O esqueleto incómodo e uma ilha deserta

Deve estar agora a fazer vinte anos que ouvi Carlos Moura, o meu professor de História da Arte na Faculdade de Ciências Sociais e Humanas da então Universidade Nova de Lisboa, revelar qual o livro que levaria para uma ilha deserta. Todos os outros comentários que teceu em torno da obra varreram-se-me. Mas a imagem…

Sendo o professor um homem tão culto, sério e conhecedor, eu sabia que a recomendação não era feita de ânimo leve. Por isso, lá fui comprar o livro – na verdade dois grossos volumes (o preço dos meus exemplares está marcado em escudos, o que me leva a pensar que até já passaram mais de vinte anos…) – para o caso de algum dia ir parar a uma ilha deserta e me ser concedido o desejo de escolher o que levaria para ler.

O livro em causa é O Mediterrâneo e o Mundo Mediterrânico no Tempo de Filipe II, de Fernand Braudel. O primeiro volume acompanhou-me nas últimas férias, que é o mais parecido com uma ilha deserta que conheço.

Este retrato do Mare Nostrum, como lhe chamaram os romanos, começa pela caracterização da paisagem, das culturas, das correntes, do clima. Braudel tentou desconstruir certas ideias feitas, como a de um mundo mediterrânico feito de planícies, de clima temperado propício à oliveira e às árvores de fruto. «O dado adquirido», contrapõe, «é de uma unidade arquitetural desse espaço mediterrânico de que as montanhas constituem o ‘esqueleto’: um esqueleto incómodo, desproporcionado, omnipresente, cujos ossos por todo o lado furam a pele».

Entre os historiadores, que sempre se basearam em papéis, registos, cartas, contratos, esta ideia de «distinguir, a partir do espaço, o que é repetição, lentidão, permanência», de sublinhar «o imóvel, ou o quase-imóvel», deve ter parecido uma loucura, uma blasfémia ou uma iluminação. De facto, Braudel desconfiava muito da História feita exclusivamente nas bibliotecas e arquivos. Vejamos, a esse propósito, uma passagem deliciosa sobre o inverno, período em que muitas das atividades paravam e se faziam planos para o futuro. «Para os próprios governos, é a ocasião dos projectos e das grandes discussões. O trabalho dos estados-maiores aumenta desmedidamente. O Inverno é o período dos arquivos sobrecarregados. Diríamos de bom grado: arquivos de Inverno, a utilizar sempre com precaução pelos historiadores. Nada apressa. É a boa ocasião para discutir, para prever e, finalmente, para construir, preto no branco. […] E as grandes páginas escurecem de tinta… As grandes ideias, os planos maravilhosos que os historiadores analisam com respeito e convicção, quantas vezes não amadureceram ao calor de um braseiro, num quarto bem calafetado, enquanto lá fora, em Madrid ou algures, se desencadeava o cierzo, o vento de neve oriundo das montanhas». E conclui com ironia: «Tudo está previsto e, como tantas vezes, nada se executará».
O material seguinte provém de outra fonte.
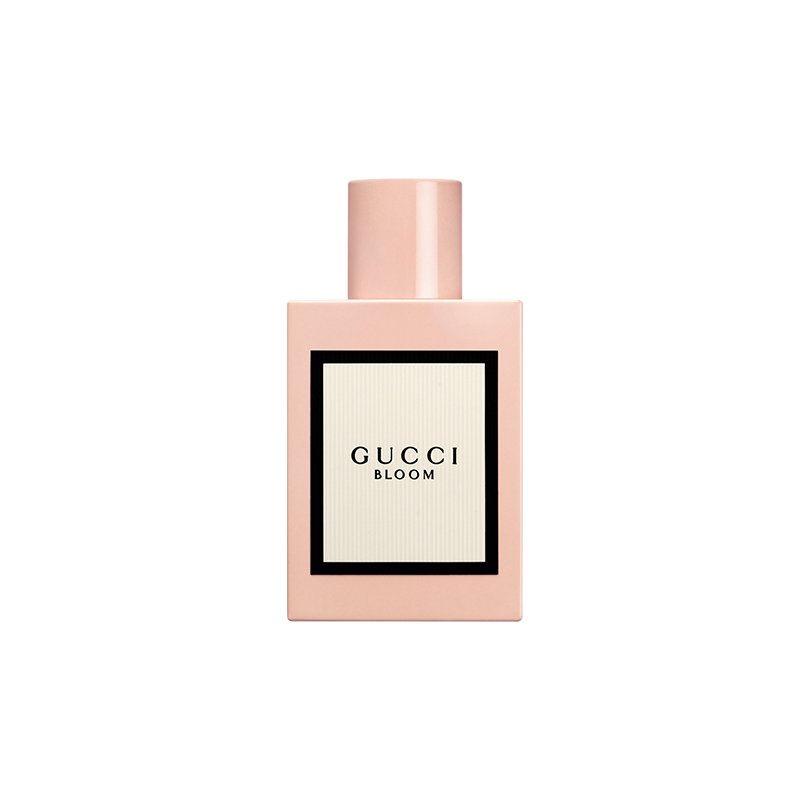 ųGUCCI  ŮʿˮEDP 30ml265Ԫ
O Mediterrâneo e o Mundo Mediterrânico é um livro de uma riqueza prodigiosa, esmagadora. Envolve geografia, meteorologia, economia, estatística… Mas creio que nunca é tão rico como quando fala de escassez e do atraso. «Montanhosa, excessivamente compartimentada, prisioneira da sua pobreza, a Sardenha vive essencialmente virada para si própria, e constitui por si só um continente, com língua própria, os seus costumes, a sua economia arcaica, e a sua vida pastoril que em muitas regiões se processa ainda segundo os moldes do tempo do Império Romano». E cá estamos nós a falar novamente de ilhas. Eu sabia que havia uma razão forte para o meu professor mencionar a tal ilha deserta.